■ WORK TO COMPLETE:
Retype exactly the span of lines below from the one with "بازی Just Cause" through the one with "Revia LED egyágú függesztett lámpa". Do not include pictures.

■ RECORDS SUPPLIED:
####

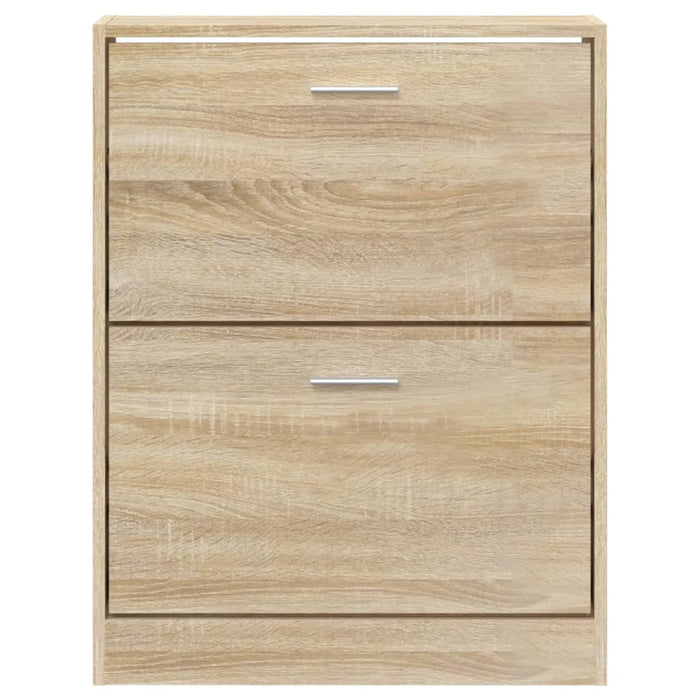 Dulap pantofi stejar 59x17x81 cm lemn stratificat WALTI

####

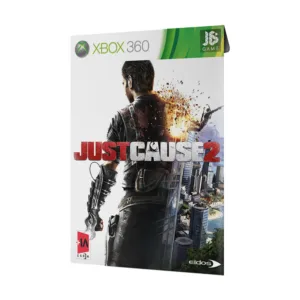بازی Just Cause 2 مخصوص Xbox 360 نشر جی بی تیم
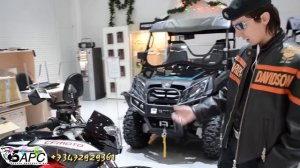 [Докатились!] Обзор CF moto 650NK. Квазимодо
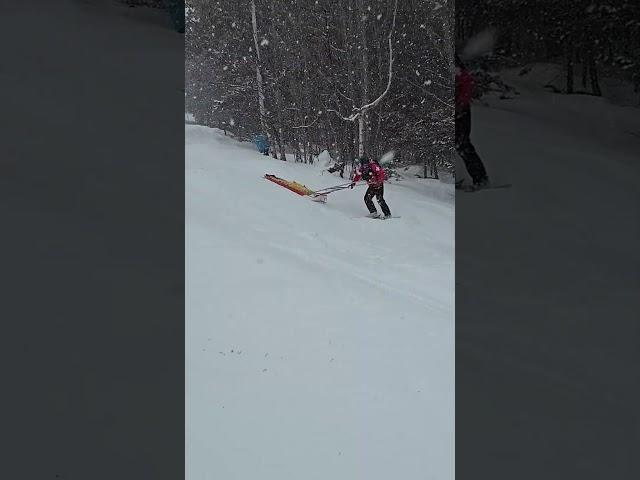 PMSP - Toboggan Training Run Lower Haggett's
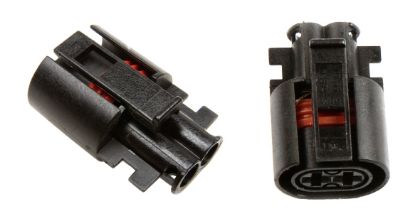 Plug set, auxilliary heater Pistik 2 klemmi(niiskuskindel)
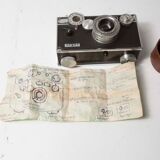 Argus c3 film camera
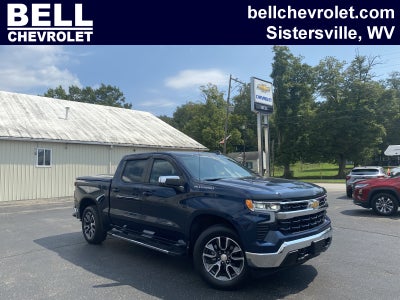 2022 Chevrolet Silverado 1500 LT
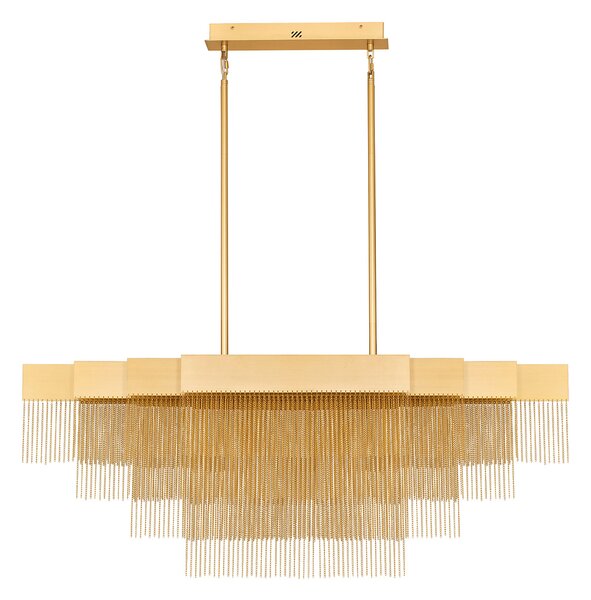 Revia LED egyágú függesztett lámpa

####

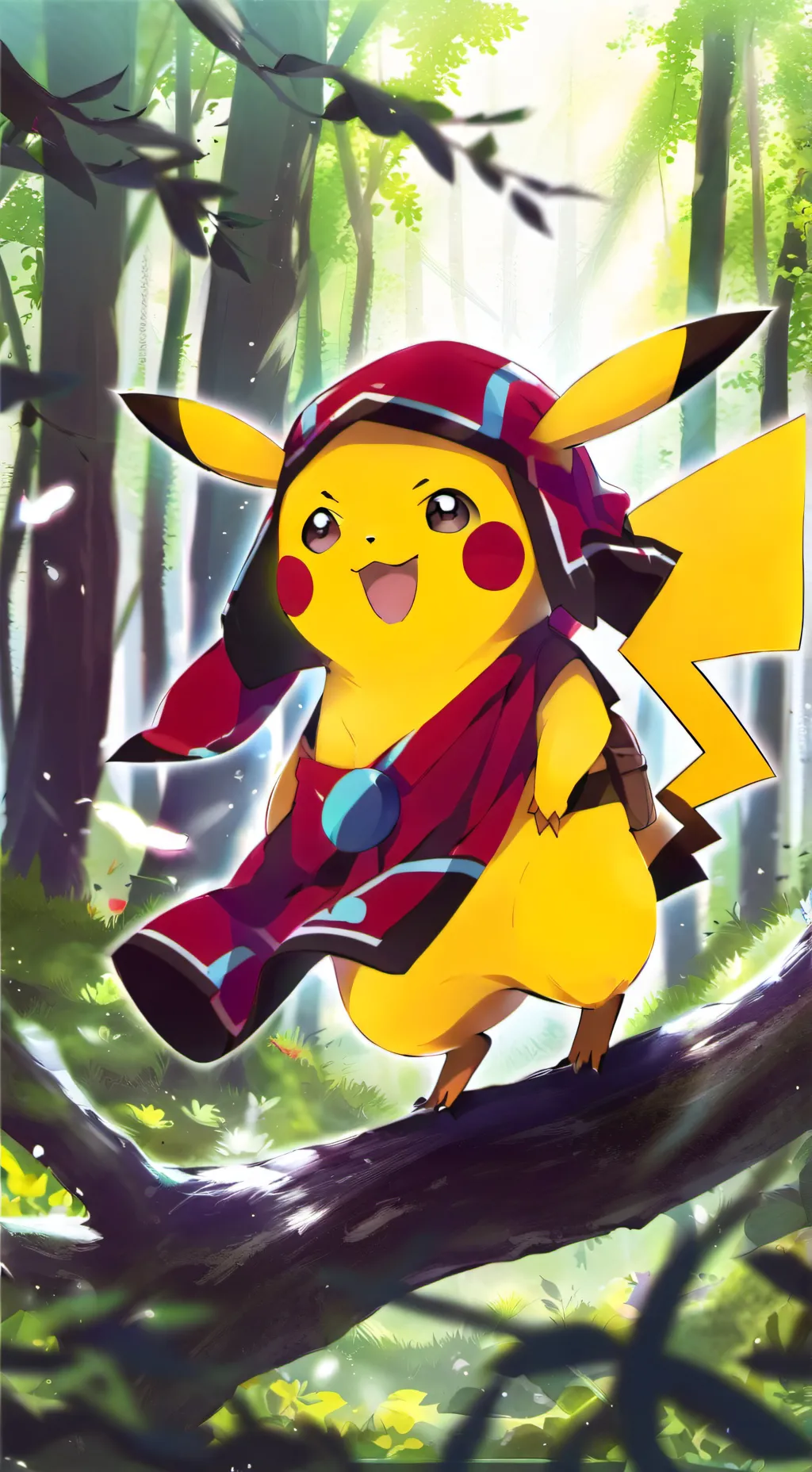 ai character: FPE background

####

■ WRITTEN RESPONSE:
بازی Just Cause 2 مخصوص Xbox 360 نشر جی بی تیم
 [Докатились!] Обзор CF moto 650NK. Квазимодо
 PMSP - Toboggan Training Run Lower Haggett's
 Plug set, auxilliary heater Pistik 2 klemmi(niiskuskindel)
 Argus c3 film camera
 2022 Chevrolet Silverado 1500 LT
 Revia LED egyágú függesztett lámpa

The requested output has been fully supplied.